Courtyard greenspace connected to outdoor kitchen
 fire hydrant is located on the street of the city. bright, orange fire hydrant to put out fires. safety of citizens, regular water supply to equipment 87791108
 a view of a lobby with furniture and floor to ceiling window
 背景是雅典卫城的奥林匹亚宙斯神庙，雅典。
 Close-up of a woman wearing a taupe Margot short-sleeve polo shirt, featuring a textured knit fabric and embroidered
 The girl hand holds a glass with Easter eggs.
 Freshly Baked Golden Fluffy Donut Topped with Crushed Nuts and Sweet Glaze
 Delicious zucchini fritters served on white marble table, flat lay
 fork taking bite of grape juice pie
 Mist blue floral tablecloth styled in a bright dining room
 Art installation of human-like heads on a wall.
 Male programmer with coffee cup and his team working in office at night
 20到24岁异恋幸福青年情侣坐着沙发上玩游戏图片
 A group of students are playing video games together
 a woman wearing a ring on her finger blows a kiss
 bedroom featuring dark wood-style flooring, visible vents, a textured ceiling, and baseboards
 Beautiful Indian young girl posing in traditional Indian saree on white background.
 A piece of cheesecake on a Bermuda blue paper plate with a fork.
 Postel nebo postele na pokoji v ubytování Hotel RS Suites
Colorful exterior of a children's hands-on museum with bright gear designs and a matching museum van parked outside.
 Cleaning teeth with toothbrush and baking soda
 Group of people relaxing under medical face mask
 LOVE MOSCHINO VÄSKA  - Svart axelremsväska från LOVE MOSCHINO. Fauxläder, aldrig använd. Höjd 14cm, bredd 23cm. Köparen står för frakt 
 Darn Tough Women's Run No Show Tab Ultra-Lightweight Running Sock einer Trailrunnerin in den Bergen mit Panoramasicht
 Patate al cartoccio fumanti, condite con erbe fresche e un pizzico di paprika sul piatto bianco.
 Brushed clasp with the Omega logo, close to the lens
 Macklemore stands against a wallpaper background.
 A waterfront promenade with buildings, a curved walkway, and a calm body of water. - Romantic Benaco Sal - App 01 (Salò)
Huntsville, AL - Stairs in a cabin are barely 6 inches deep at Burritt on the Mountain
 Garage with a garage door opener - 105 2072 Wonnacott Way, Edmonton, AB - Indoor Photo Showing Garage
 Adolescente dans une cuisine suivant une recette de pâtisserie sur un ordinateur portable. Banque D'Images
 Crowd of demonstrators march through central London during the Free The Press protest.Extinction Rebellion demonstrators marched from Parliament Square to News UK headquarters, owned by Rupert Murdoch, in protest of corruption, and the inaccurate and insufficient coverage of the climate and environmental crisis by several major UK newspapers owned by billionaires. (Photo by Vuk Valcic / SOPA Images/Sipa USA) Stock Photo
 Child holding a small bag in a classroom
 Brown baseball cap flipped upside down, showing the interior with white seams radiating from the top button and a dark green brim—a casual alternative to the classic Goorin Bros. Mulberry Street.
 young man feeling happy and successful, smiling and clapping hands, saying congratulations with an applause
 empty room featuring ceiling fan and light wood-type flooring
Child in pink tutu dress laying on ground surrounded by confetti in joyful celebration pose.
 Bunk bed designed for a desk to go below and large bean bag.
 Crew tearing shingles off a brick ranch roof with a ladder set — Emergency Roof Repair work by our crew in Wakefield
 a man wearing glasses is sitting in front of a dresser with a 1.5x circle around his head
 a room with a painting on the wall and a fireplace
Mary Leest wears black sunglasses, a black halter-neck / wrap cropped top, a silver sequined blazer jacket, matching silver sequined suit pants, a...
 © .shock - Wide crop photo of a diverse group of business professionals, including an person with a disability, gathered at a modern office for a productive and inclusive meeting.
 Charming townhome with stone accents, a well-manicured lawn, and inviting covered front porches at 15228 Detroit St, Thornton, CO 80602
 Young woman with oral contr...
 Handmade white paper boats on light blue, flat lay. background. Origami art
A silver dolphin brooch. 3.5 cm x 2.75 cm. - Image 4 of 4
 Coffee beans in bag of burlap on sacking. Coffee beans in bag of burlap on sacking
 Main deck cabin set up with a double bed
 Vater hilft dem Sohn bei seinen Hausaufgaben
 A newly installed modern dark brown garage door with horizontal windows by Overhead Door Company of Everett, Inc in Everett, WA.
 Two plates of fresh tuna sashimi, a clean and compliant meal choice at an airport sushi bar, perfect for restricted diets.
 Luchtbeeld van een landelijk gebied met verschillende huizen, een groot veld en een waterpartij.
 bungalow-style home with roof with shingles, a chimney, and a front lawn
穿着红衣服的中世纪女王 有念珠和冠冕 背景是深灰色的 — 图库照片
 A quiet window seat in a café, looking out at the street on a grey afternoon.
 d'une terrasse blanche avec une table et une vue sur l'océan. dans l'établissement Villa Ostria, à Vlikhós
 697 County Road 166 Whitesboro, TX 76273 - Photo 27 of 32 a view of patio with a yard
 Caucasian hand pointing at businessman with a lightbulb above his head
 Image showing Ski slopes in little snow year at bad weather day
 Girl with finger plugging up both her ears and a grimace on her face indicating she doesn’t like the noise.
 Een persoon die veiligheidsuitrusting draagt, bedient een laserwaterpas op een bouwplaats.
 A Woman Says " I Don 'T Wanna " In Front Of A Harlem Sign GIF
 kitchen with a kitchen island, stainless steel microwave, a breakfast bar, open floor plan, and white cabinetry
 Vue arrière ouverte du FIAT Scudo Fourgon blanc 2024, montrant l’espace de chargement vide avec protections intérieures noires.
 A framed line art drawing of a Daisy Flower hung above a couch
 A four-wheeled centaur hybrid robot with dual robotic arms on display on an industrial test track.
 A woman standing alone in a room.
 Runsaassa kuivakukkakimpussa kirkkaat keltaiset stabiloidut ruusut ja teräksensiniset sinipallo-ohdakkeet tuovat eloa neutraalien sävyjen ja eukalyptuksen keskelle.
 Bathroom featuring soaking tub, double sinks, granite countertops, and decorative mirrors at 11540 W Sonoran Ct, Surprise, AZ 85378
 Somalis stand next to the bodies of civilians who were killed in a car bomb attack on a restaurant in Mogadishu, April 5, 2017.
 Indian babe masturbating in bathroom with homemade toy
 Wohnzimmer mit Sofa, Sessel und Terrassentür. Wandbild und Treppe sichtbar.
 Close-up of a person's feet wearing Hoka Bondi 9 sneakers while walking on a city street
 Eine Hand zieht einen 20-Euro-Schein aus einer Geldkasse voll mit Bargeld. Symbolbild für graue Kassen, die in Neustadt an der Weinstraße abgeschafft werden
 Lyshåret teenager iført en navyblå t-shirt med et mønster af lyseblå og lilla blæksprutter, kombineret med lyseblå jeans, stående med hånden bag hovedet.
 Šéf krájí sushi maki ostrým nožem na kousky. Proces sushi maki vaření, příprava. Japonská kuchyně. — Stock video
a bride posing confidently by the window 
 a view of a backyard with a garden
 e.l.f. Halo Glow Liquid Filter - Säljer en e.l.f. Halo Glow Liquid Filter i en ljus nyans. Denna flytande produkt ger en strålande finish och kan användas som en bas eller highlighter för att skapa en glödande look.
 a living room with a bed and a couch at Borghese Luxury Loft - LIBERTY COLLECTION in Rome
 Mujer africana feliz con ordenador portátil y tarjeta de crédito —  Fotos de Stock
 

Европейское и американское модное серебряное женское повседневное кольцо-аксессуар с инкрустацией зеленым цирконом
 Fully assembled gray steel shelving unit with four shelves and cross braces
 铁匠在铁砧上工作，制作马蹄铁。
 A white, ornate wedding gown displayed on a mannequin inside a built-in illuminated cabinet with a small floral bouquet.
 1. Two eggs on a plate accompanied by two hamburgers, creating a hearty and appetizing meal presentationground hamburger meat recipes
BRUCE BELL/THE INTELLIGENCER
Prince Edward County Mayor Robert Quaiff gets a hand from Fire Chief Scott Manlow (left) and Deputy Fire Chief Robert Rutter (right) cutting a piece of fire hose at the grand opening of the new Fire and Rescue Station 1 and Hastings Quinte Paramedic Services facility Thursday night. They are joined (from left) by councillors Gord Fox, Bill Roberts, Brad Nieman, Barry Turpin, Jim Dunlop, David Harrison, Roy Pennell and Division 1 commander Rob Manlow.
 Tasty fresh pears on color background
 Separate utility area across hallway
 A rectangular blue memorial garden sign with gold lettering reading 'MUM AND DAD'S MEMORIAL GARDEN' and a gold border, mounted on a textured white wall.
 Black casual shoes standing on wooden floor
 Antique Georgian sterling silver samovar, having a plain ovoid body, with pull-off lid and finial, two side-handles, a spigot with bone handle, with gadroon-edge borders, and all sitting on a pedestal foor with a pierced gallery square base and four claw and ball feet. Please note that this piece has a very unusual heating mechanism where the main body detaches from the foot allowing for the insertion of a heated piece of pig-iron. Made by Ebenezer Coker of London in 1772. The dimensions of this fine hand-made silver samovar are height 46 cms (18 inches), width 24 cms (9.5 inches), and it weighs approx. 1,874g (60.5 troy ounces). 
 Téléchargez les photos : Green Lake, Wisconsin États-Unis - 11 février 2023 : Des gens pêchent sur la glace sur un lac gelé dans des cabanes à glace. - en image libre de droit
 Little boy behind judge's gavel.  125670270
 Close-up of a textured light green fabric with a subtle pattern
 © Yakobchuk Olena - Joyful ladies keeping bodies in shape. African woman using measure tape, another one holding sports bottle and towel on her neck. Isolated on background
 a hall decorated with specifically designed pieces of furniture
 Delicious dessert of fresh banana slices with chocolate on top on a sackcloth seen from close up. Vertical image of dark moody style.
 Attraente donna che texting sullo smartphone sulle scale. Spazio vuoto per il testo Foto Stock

-------

● **Exercise aim**
Take the lines from the first line of the listing to the line containing "背景是雅典卫城的奥林匹亚宙斯神庙，雅典。". Please print them exactly, ends included, with nothing else.

● **Response to this exercise**
Courtyard greenspace connected to outdoor kitchen
 fire hydrant is located on the street of the city. bright, orange fire hydrant to put out fires. safety of citizens, regular water supply to equipment 87791108
 a view of a lobby with furniture and floor to ceiling window
 背景是雅典卫城的奥林匹亚宙斯神庙，雅典。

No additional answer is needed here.